Душа лестницы – это бег. Он пролетает по ней с утра до ночи вверх и вниз, и он не знает утомления. А тело лестницы стоит, отдавая свои ступени под счастье – бежать. Лестница, спутник детства, его радостей и плача! Сколько моих слез (когда я убегала от обидевших старших детей – к маме) видала ты, сколько счастья лететь вечером к маме делать «курлык», смотреть панораму, слушать рояль, бегать по анфиладе высоких комнат и – низкой спальной и коридорчиком, мимо шуршащей двери – опять в залу! Но «верх», где мы жили и куда уводила нас лестница, коричневая, как весь наш дом, был особым, другим миром. Внизу было холодно зимами, наверху – тепло. Жарко. Низкие комнаты с веселыми обоями, полом, крытым узорчатым коричневым линолеумом, небольшими окнами в небо и тополиные ветки, то клейкие и пахучие, то в длинных одуванчиках инея.
Напротив лестницы – Лёрина квадратная комната. Она – над спальней и, как спальня, выходит двумя окнами в уголок двора, где акации и колодец, а одним – на мостик в кухню; только это глубоко внизу. Отсюда, как из Андрюшиной и наших комнат, близко видны голуби и слышно их курлыканье.
Страстно любимый Мусей Лёрин книжный шкафчик со вставленными в створки зеркалами; направо – диванчик, кресло и стол. Тут Лёра рисует цветы.
В Андрюшиной комнатке – кровать, над ней портрет его мамы, в овальной раме, и столик; за ним он учится. Напротив низенькой балюстрады над лестницей еще дверь в проходную комнатку, за которой собственно детская – длинная, с тремя окнами; два – с видом на крыши домов и купол Палашевской церкви, третье, в глубине, – в серебряный тополь у ворот. Напротив окон глубоко выдается в комнату белая с синим, блестящая кафельная печь. По бокам – Мусина и моя кровати, обе по той же стене, Мусина ближе к двери.
Что еще есть в детской? Не помню. Вид ее будущих лет, после мамы, затмевает мне память.

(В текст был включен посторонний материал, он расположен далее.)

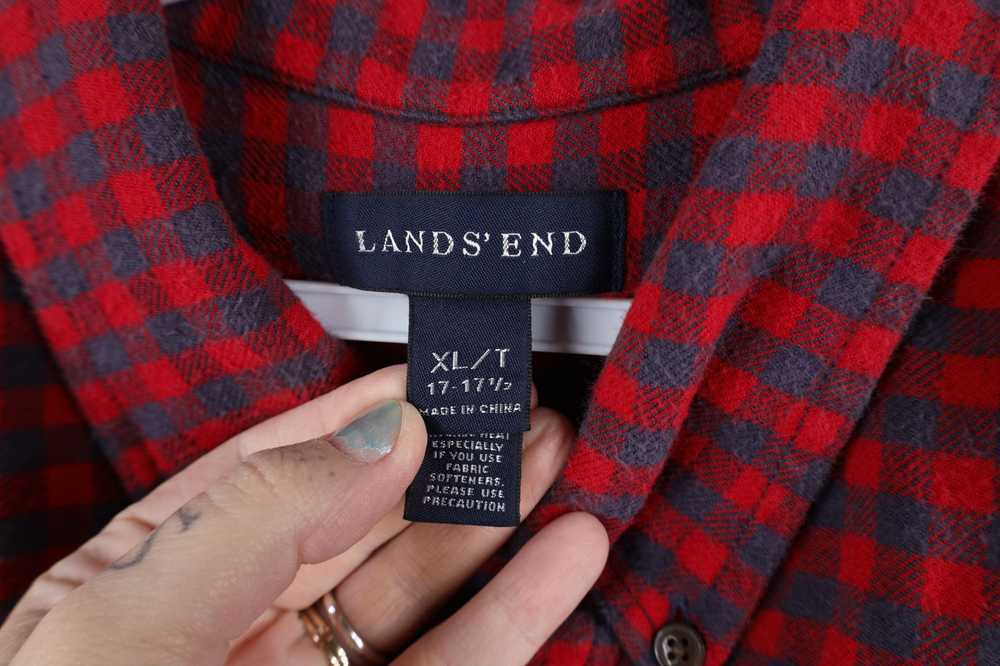 Lands End × Vintage Lands End Flannel Collared Bu… - image 7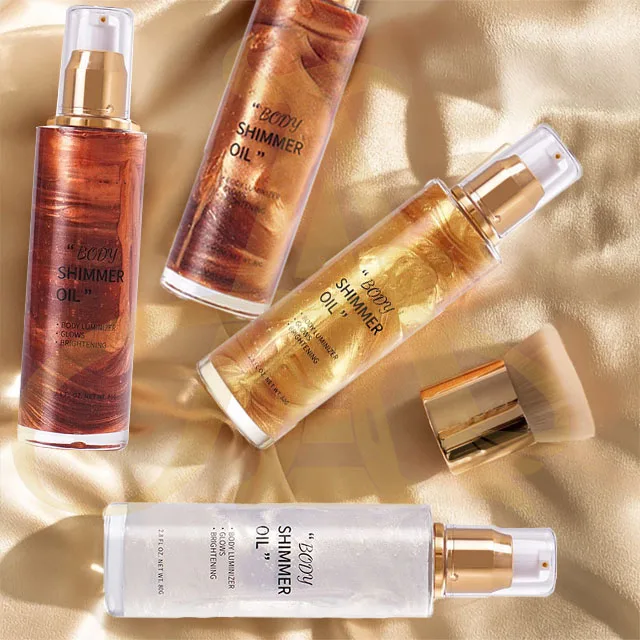 

Private Label Shimmer Oil Glow Highlighter Body Glitter Highlighter Tanning Body Shimmer Oil Spray, Pearl white, rose gold, bronze gold, golden brown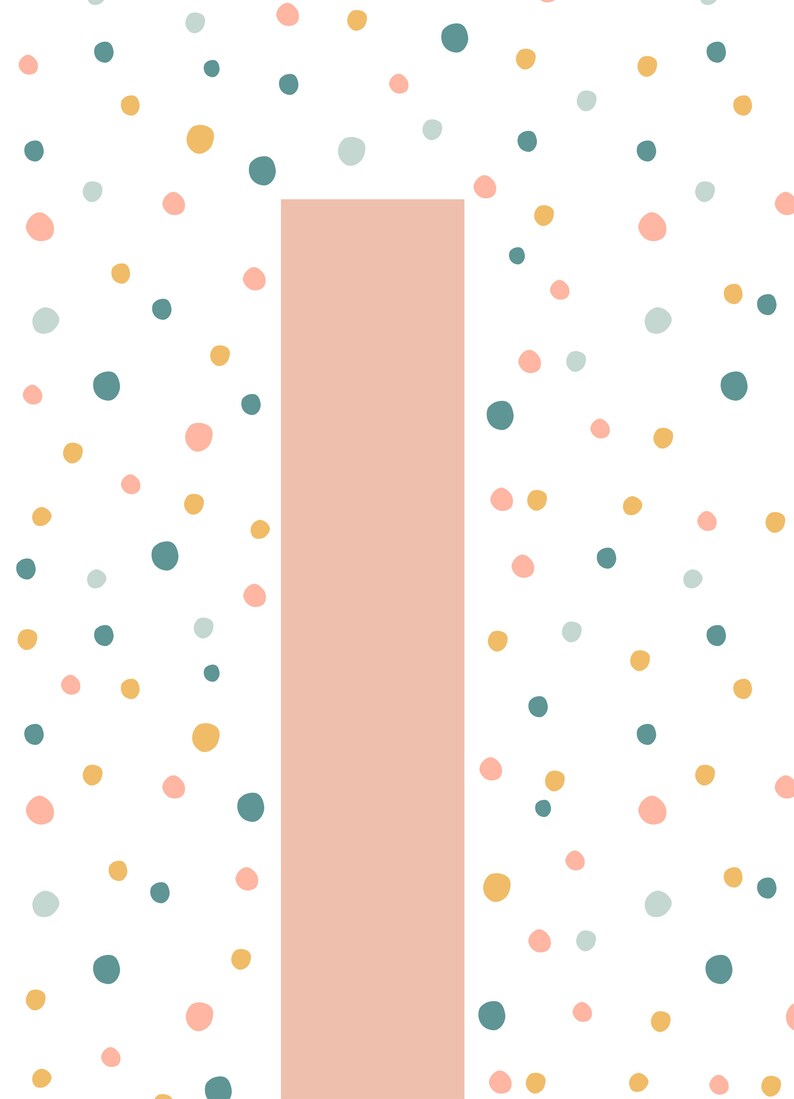 May include: A vertical pink rectangle on a white background with a scattered pattern of small circles in pink, yellow, and blue.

Но одно цветет нерушимо: сердцем детской – висячая лампа над столом. В стеклянном резервуаре – зеленое керосиновое море. Оно мутно сияет и плещется, когда лампу тронешь рукой. Над горелкой и стеклом – белый круг, над его отверстием на потолке – золотое пятно. От горящей лампы пышет свет, жар. Лампа плавает в воздухе, как волшебная рыба. От нее убегает темнота. За вещами всюду вспыхивают их тени. Мусина рука тянется к книге – читать…
А рядом – зрелище черного хода соседнего двора. Из окна Лёриной комнаты, бывшей моей детской, – наружная лестница, где в сумерках женщина в темной шали несла воду, желтый свет в окошке кухни (отдельного флигелька); длинный низкий флигель, где жила семья Андреевых, нам мало знакомых; цепной пес в своей глубокой будке под тополями.

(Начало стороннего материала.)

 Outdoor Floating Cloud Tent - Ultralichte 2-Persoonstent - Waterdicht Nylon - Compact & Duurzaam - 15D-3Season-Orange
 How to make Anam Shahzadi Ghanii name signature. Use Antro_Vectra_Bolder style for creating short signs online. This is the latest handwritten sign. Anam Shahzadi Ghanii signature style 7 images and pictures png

И помнится мне в нашем зеленом дворе та пора весны, когда уже после дней цветения в траве желтых цветов – стоячей мохнатой мягкой метелочкой – появлялось столько же легких и пышных шариков, которые, сорвав, не знаешь, на что дивиться: на белое ли молоко (нам говорили – ядовитое) стебля, на ровную ли круглость – вот-вот облетит! – пушинок цвета пыли? Чем-то они напоминали мыльные пузыри. Мы начинали дуть на пушистые шарики. Оттого они назывались одуванчики. Пахло тополями. У старых стволов из земли выбивались молодые побеги.